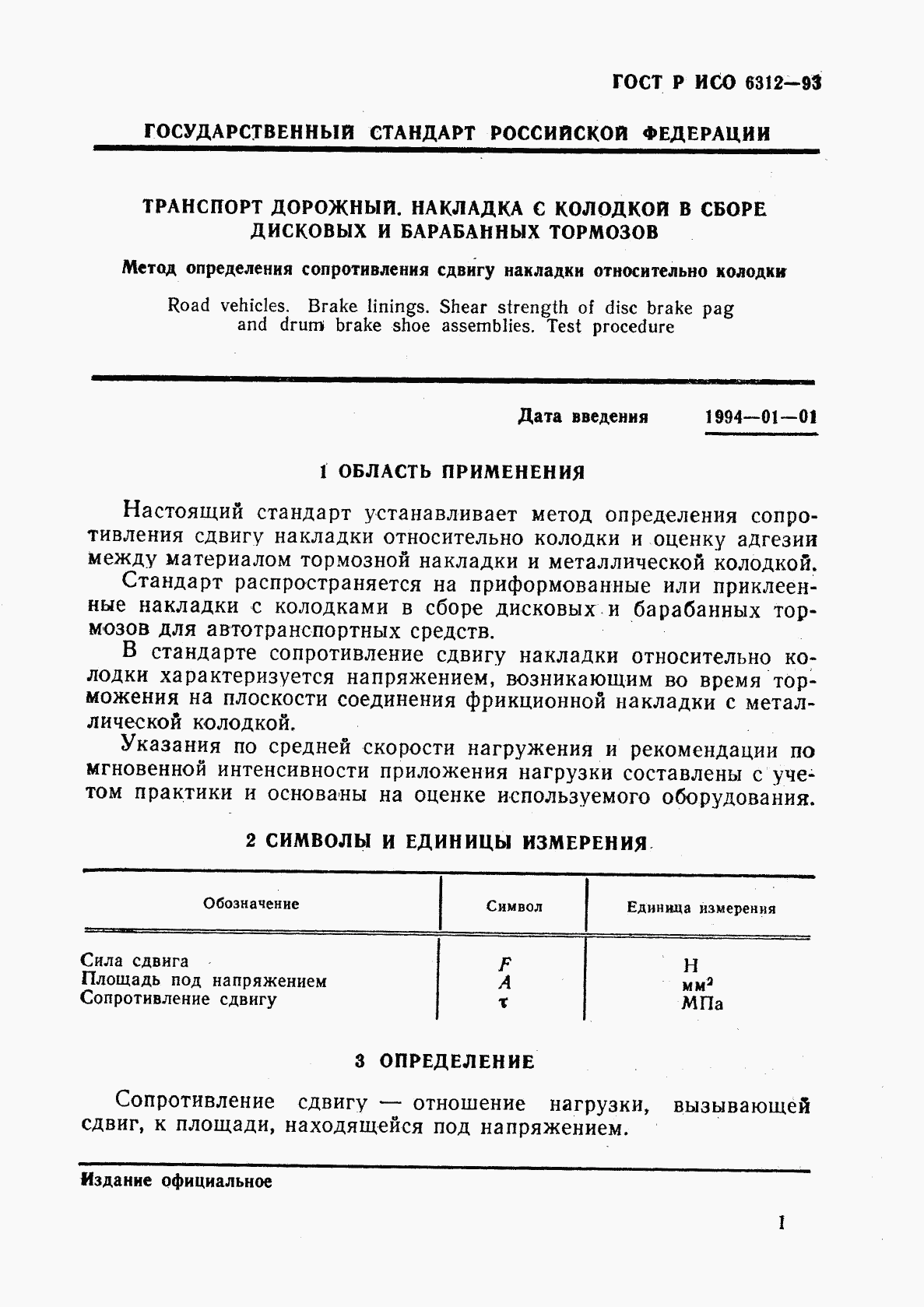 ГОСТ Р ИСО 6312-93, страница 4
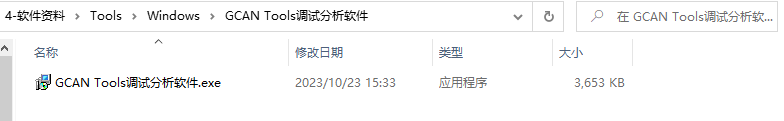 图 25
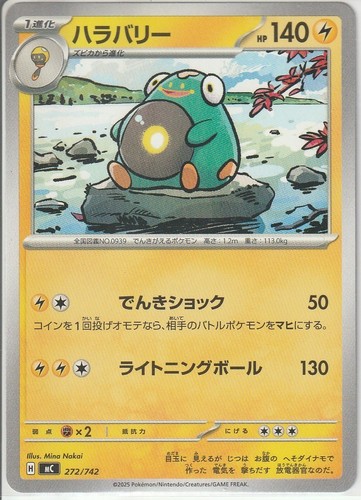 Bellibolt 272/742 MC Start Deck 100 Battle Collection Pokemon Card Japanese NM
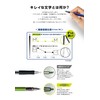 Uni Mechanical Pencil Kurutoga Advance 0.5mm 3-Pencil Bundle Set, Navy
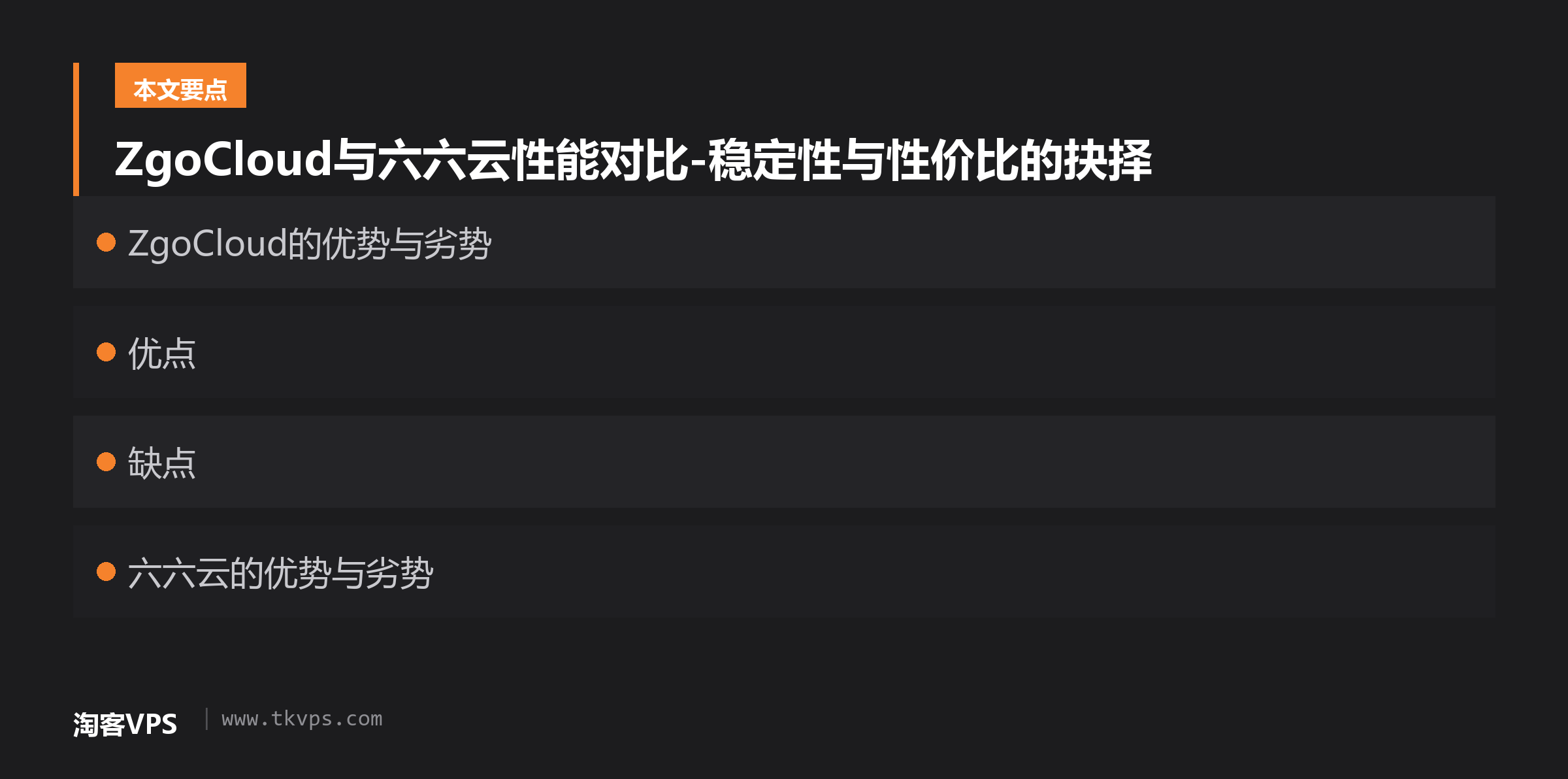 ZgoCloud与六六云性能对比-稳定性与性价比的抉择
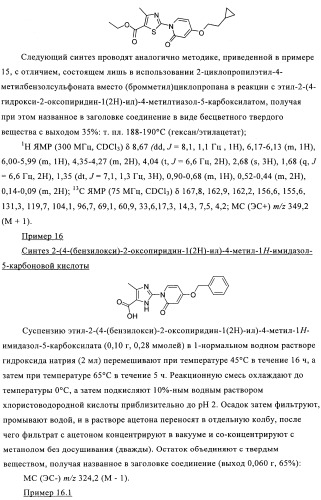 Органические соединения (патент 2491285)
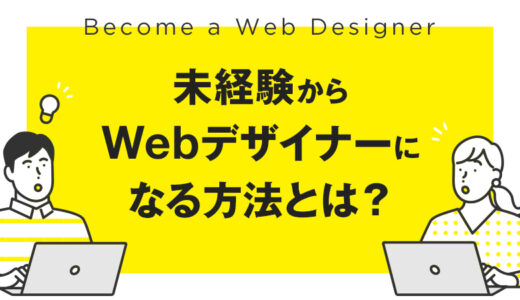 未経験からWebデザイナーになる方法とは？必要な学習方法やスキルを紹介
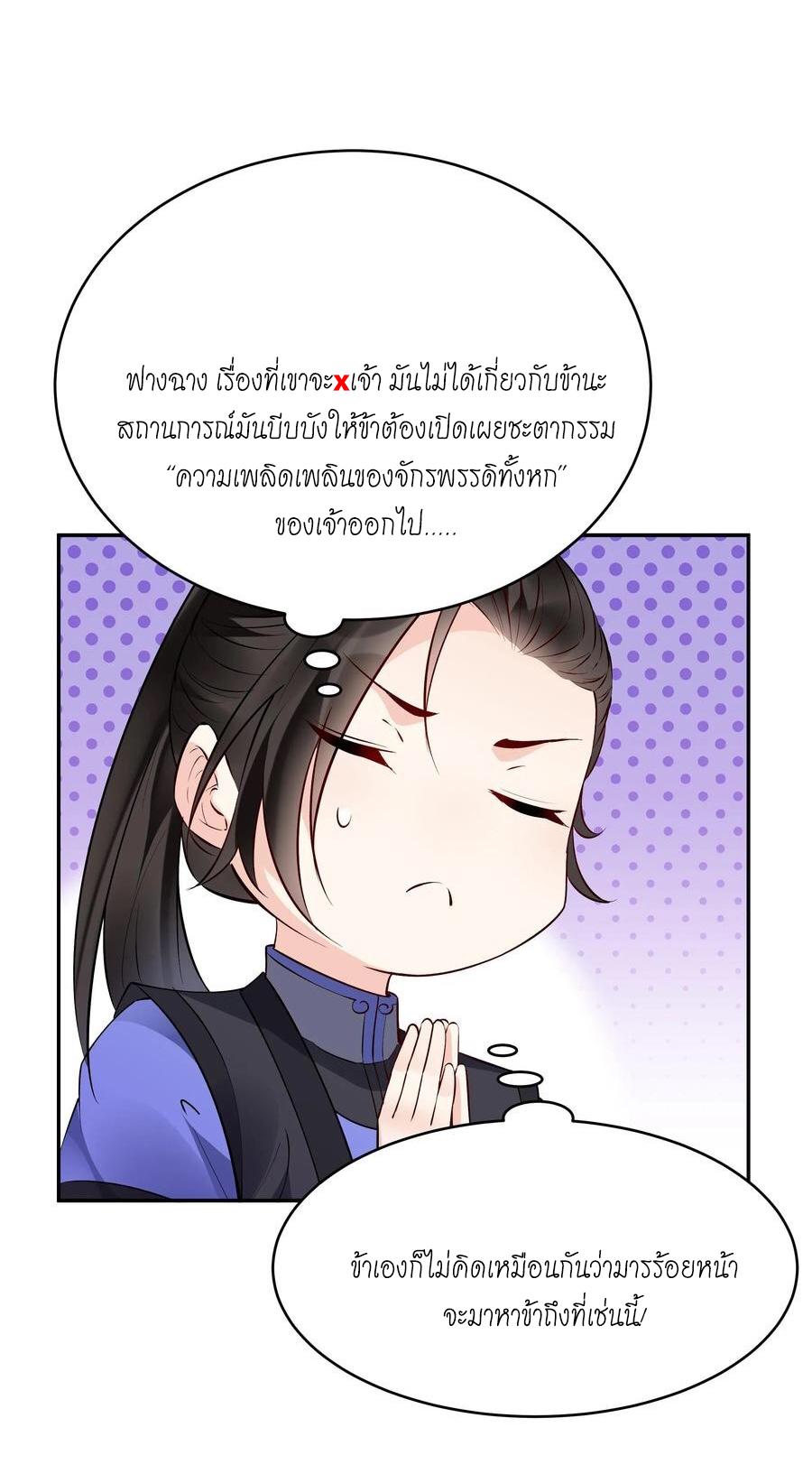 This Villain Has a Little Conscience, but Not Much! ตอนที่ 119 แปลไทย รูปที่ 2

=-=-=

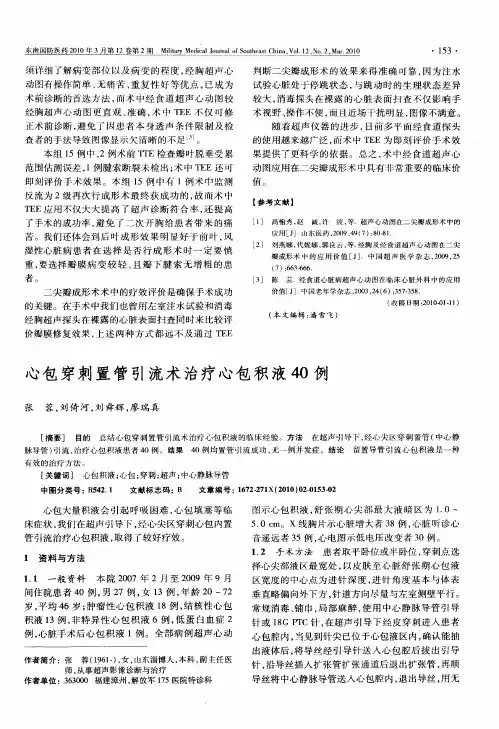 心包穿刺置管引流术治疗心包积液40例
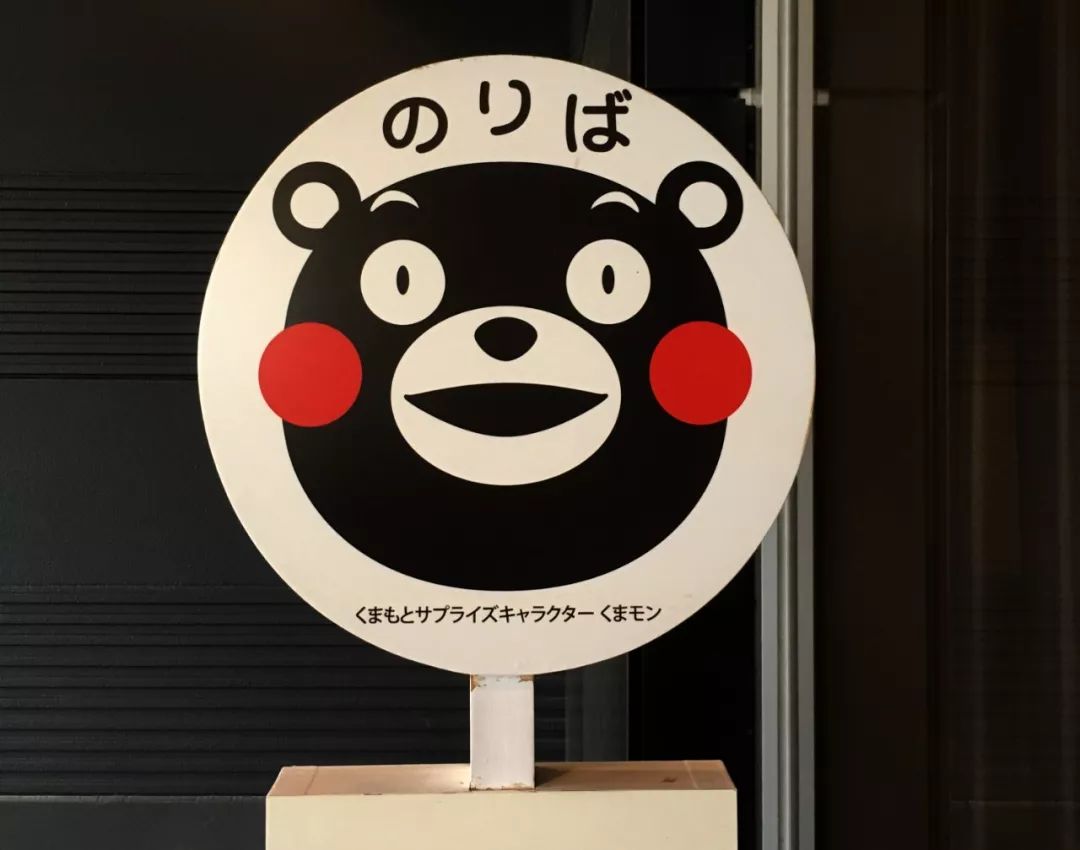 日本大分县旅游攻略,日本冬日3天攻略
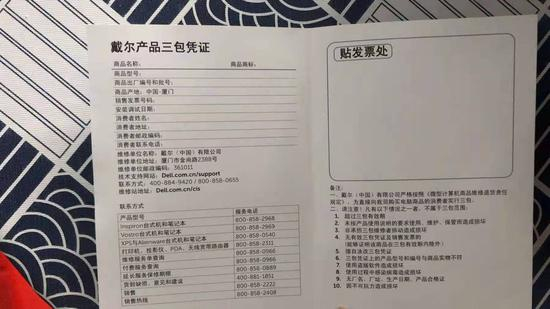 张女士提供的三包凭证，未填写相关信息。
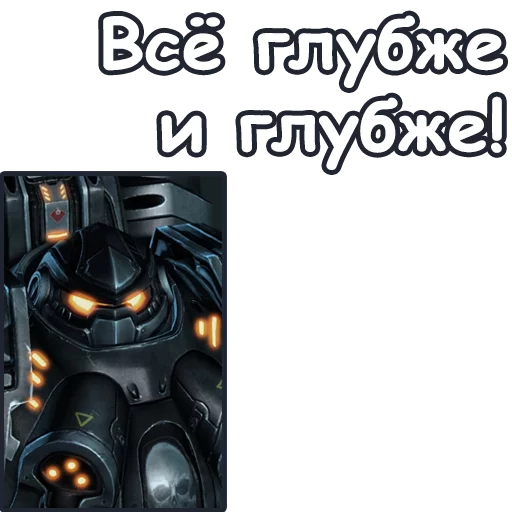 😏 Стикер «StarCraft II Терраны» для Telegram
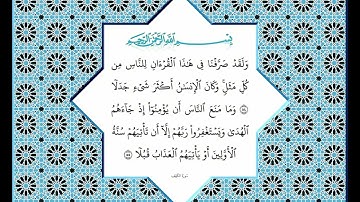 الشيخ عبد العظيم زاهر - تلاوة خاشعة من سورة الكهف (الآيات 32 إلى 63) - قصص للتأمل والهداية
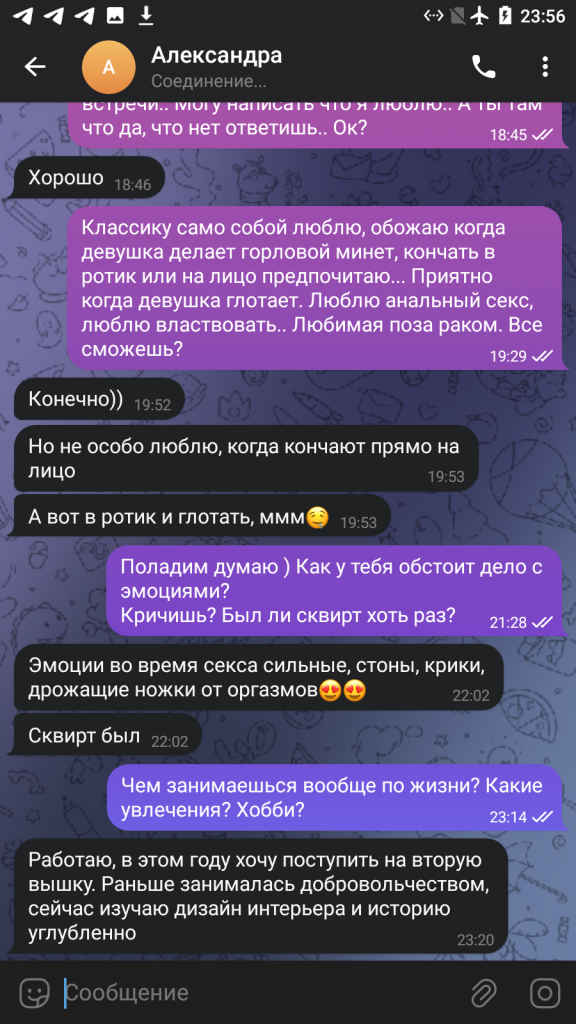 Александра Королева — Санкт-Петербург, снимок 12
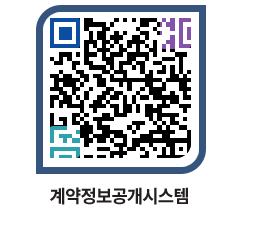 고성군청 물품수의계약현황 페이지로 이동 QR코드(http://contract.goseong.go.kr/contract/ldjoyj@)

=-=-=

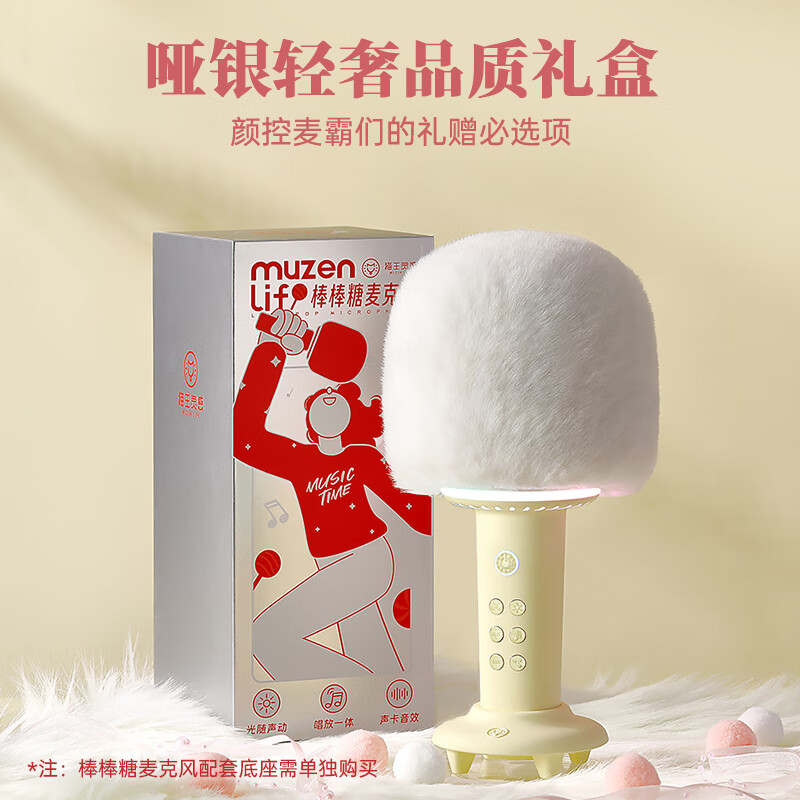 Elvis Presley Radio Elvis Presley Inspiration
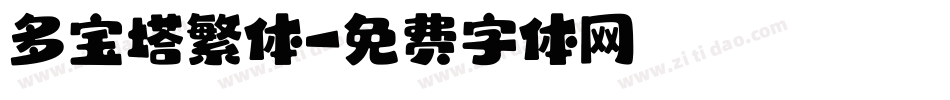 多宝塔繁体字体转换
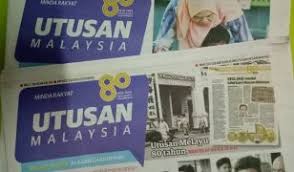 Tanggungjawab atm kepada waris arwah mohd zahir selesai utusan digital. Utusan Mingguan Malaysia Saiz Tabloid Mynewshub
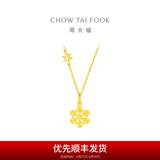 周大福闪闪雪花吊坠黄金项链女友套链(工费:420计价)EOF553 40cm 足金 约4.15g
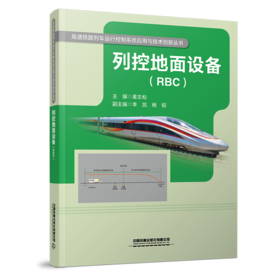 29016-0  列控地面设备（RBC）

=-=-=

▶ **Assignment**: Write out word for word the lines of the listing above from the line with "未経験からWebデザイナーになる方法とは？必要な学習方法やスキルを紹介" to the line with "This Villain Has", taking in both of those lines but no pictures.

▶ **Answer space**:
 未経験からWebデザイナーになる方法とは？必要な学習方法やスキルを紹介
 This Villain Has a Little Conscience, but Not Much! ตอนที่ 119 แปลไทย รูปที่ 2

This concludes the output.